Tears prick at my eyes, and I hate that he's right. I hate that somewhere along the way, loving RJ had started to feel like work, like an obligation rather than a choice. Love isn't supposed to be hard, but it was starting to get there.
"He needs me," I whisper, but even to my own ears it sounds hollow.
"Does he? Or do the two of you need to take some time apart?"
The question cuts deep, exposing a truth I've been running from for months. Because wasn't that exactly what Skylar and I were discussing?
"You don't understand," I say, but my voice lacks conviction. "What we have?—"
"What you had," EJ corrects gently. "Montgomery, when was the last time you were truly happy with him? Actually happy?"
I open my mouth to answer, but no words come. It should've been the day at the zoo, but even that was up in the air. The realization hits me like a truck, stealing my breath and making my chest tight.
"He's going to get better," EJ continues. "But he needs to do it for himself, not because he feels obligated to be the person you fell in love with in high school. And you... you deserve to be with someone who doesn't make you question what they're doing every single day."
"But I love him," I say, and I hate how pathetic I sound.
"I know you do. But Montgomery, love isn't enough. Not when it's killing both of you."
I stare down at my hands, wishing like hell that RJ was sitting across from me, and he'd wrapped that straw paper around my finger.
"He doesn't even want to see me," I admit quietly. "It's been two weeks, and he hasn't asked for me once. I called to see if he had."

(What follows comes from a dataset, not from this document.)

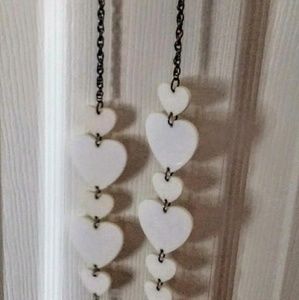 Asymmetrical 21.5 inch-long heart necklace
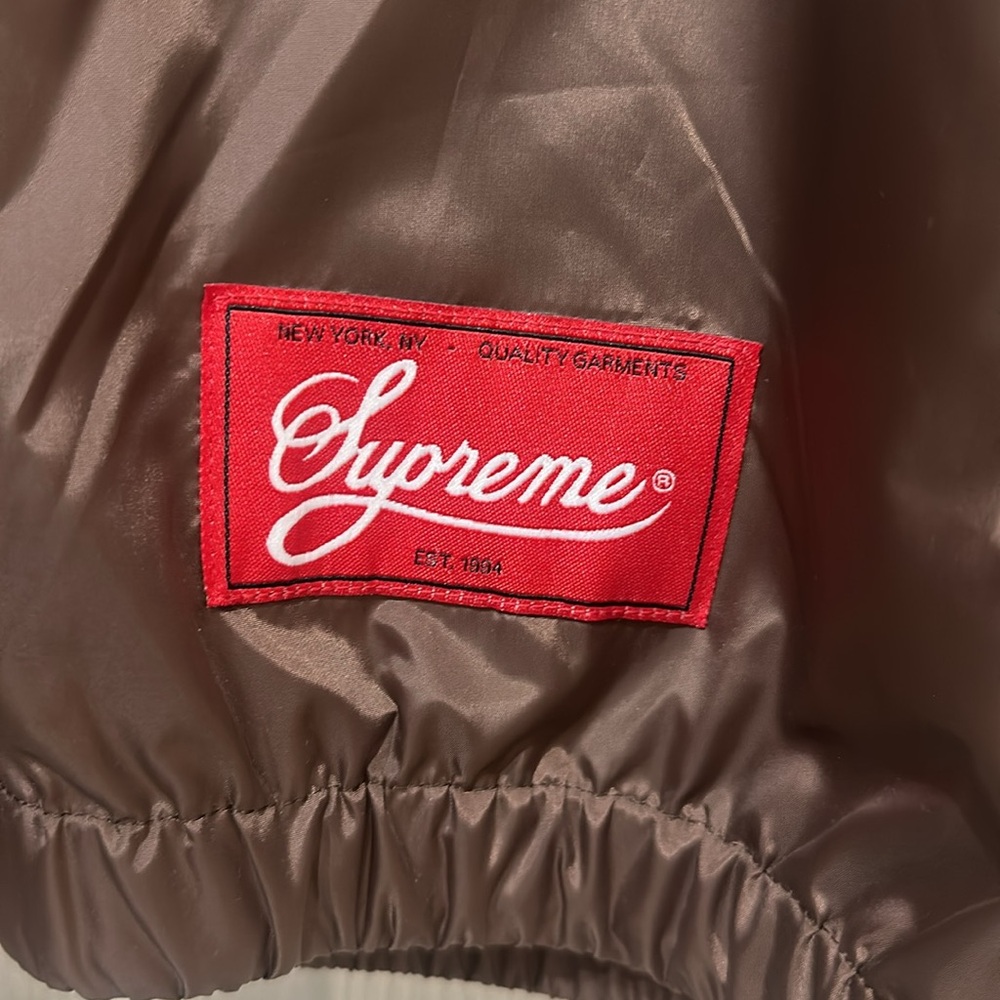 Supreme  windbreaker - Picture 4 of 6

EJ nods slowly. "Maybe that should tell you something."
The tears I've been holding back finally spill over, and I swipe at them angrily. "So what, you want me to just give up on him? Walk away like we didn't mean anything to one another in the last seven years?"
"I want you to be honest with yourself about what's best for both of you.
" EJ's voice is kind but firm. "RJ needs someone who doesn't doubt him, who believes in his recovery one hundred percent.
And if you can't be that person—if you can't look at him and not see all the ways he might disappoint you again—then for the benefit of everyone involved, you need to let him go. "
The silence stretches between us, filled with the clatter of dishes and the murmur of other conversations. I feel like I'm standing at the edge of a cliff, and EJ is asking me to jump.
"What if I regret it?" I ask, my voice barely above a whisper.
"What if you regret not doing it?"
I think about the past few months, hell even the last few weeks.
About the constant anxiety, the walking on eggshells, the way I've started to shrink myself smaller and smaller, trying not to trigger him, trying not to be too much or too little or too anything.
I think about the girl I used to be before I became Montgomery-who-loves-RJ, before my entire identity became wrapped up in saving someone who maybe didn't want to be saved.
"The European tour starts in five weeks," EJ says. "If you're going to make this decision, you need to make it soon. He's going to need time to adjust, to learn how to be himself without you there as a safety net."
I nod, not trusting my voice. Because somewhere deep down, I know he's right.
I know that what RJ and I have been doing isn't love—not anymore.
It's codependency dressed up in romantic language, two people clinging to each other not because they want to but because they're afraid of what happens if they let go.
"I need time to think," I finally manage.
"Of course." EJ signals the waitress, asking for a to-go box. "But Montgomery? Whatever you decide, make sure it's because it's what you want, not because you think it's what you owe him."
As we leave the restaurant, I feel like I'm walking in a daze. The southern heat hits me like a wall, but I barely notice it. All I can think about is EJ's question: when was the last time I was truly happy with RJ?
And the terrifying thing is, I still can't come up with an answer.